2.3. Study Population

A total of 54 male and female patients aged 18 years or over with chronic neck pain or low back pain were enrolled in the study. The inclusion criteria were a minimum numeric rating scale equal to or greater than five, and pain duration of more than three months. The oral pain medication had to be stable at least four weeks prior to the first investigation. No additional pain therapies (e.g., acupuncture, physical therapy, osteopathy, intravenous pain therapy, intramuscular or subcutaneous injection of cortisone or local anesthetics) were allowed parallel to the study. Such pain therapies had to be discontinued at least four weeks before the study onset. Patients with experience in TENS were excluded. Other exclusion criteria were pregnancy, epilepsy, cardiac arrhythmia, cardiac surgery including implanted pacemaker or defibrillator, previous surgery in the spinal cord, infectious diseases of the spinal cord, malignant tumors with or without secondary blastomas in the spinal cord, severe radicular pain with acute paralysis in the extremities, or an ongoing pension application.

2.4. Study Process

Written informed consent was obtained from all patients included in the study. Before the initiation of the electrotherapy sessions and recording of demographic information including age, gender, weight, height and body mass index, laboratory parameters and an X-ray of the spinal cord were examined to exclude any signs of new onset malignancies or infections in the spinal cord. Before and after the therapy sessions, actual pain in rest and under activity, as well as the maximum and minimum pain in the last four weeks were assessed using the numeric rating scale (NRS) for the cervical, dorsal, and lumbar region, respectively. The quality of pain was evaluated using the Short-form Mc Gill Pain Questionnaire (SF-MPQ). The PainDETECT test was used to screen for radicular involvement. Range of motion (ROM) was assessed using the Cervical Range-of-Motion Instrument (CROM®; cervical range of motion CROM basic spinal assessment device; ProHealthcareProducts.com, accessed on 5 January 2023, 770 East Main Street, #201 Lehi, UT 84043, USA) and with the modified Schober method (assessment of anteflexion and retroflexion 10 cm above and 5 cm below the anterior superior iliac spine). Subjective feeling of disability in daily life was assessed with questionnaires (Neck Disability Index for cervical pain, and Rolland Morris Questionnaire for low back pain).

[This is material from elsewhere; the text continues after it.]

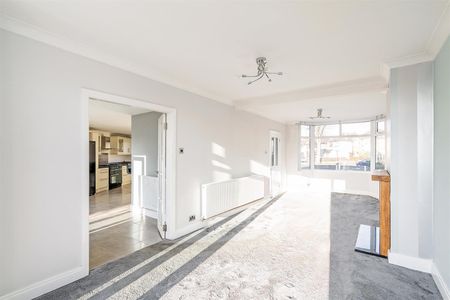 3 bed semi-detached house to rent in Stroud Road, Shirley, Solihull - Photo 4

Therapy sessions were conducted weekly with a duration of 30 min each and six times in total. All the patients lay supine on an electrotherapy mat covering the whole spinal cord (StimaWELL® 120MTRS; Schwa-medico, Wetzlarer Straße 41–43, 35630 Ehringshausen, Germany) that was warmed to 25 °C (see Scheme 1).

Scheme 1.

Scheme 1

StimaWELL® mat for the application of electrical current. All patients lay on this mat covering the whole back from the cervical to the sacral region during the weekly sessions for a total of six times. To increase comfortability and to optimize skin contact, cushions were positioned beneath the neck and the lower back. The device is operated via the box shown on the top right of the picture. Electrical current or heat in various intensities can be applied solely or in combination using different programs. A remote control for potential fine tuning of the electrical simulation intensity by the patients themselves is shown on the left on the cervical cushion, which was not used in this study. This picture is used with the permission of the Company Schwa-medico.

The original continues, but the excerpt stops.